● Records shown:
********************
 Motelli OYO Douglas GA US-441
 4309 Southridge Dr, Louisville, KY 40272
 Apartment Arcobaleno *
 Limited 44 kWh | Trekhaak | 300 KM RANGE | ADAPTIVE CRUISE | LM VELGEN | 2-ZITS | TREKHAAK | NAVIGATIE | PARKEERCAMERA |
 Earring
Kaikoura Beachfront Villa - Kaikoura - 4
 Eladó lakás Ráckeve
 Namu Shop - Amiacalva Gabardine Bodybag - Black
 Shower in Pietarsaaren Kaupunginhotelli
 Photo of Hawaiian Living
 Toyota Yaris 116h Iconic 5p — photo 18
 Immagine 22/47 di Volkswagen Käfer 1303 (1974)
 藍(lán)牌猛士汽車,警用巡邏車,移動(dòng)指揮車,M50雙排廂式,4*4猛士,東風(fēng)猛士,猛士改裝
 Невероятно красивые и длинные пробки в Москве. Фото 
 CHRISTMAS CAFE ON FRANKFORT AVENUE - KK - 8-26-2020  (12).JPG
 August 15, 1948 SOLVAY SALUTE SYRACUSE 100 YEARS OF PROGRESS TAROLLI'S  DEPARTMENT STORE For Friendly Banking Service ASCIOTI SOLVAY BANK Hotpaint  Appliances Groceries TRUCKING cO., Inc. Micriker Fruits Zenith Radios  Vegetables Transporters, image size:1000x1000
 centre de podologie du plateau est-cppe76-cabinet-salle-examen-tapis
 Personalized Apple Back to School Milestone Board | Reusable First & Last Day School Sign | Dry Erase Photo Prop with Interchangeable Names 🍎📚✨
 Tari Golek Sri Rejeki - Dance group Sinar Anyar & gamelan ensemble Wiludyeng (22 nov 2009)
********************
● Task to complete: A word-for-word transcription of all the data is needed.

● Reply:
 Motelli OYO Douglas GA US-441
 4309 Southridge Dr, Louisville, KY 40272
 Apartment Arcobaleno *
 Limited 44 kWh | Trekhaak | 300 KM RANGE | ADAPTIVE CRUISE | LM VELGEN | 2-ZITS | TREKHAAK | NAVIGATIE | PARKEERCAMERA |
 Earring
Kaikoura Beachfront Villa - Kaikoura - 4
 Eladó lakás Ráckeve
 Namu Shop - Amiacalva Gabardine Bodybag - Black
 Shower in Pietarsaaren Kaupunginhotelli
 Photo of Hawaiian Living
 Toyota Yaris 116h Iconic 5p — photo 18
 Immagine 22/47 di Volkswagen Käfer 1303 (1974)
 藍(lán)牌猛士汽車,警用巡邏車,移動(dòng)指揮車,M50雙排廂式,4*4猛士,東風(fēng)猛士,猛士改裝
 Невероятно красивые и длинные пробки в Москве. Фото 
 CHRISTMAS CAFE ON FRANKFORT AVENUE - KK - 8-26-2020  (12).JPG
 August 15, 1948 SOLVAY SALUTE SYRACUSE 100 YEARS OF PROGRESS TAROLLI'S  DEPARTMENT STORE For Friendly Banking Service ASCIOTI SOLVAY BANK Hotpaint  Appliances Groceries TRUCKING cO., Inc. Micriker Fruits Zenith Radios  Vegetables Transporters, image size:1000x1000
 centre de podologie du plateau est-cppe76-cabinet-salle-examen-tapis
 Personalized Apple Back to School Milestone Board | Reusable First & Last Day School Sign | Dry Erase Photo Prop with Interchangeable Names 🍎📚✨
 Tari Golek Sri Rejeki - Dance group Sinar Anyar & gamelan ensemble Wiludyeng (22 nov 2009)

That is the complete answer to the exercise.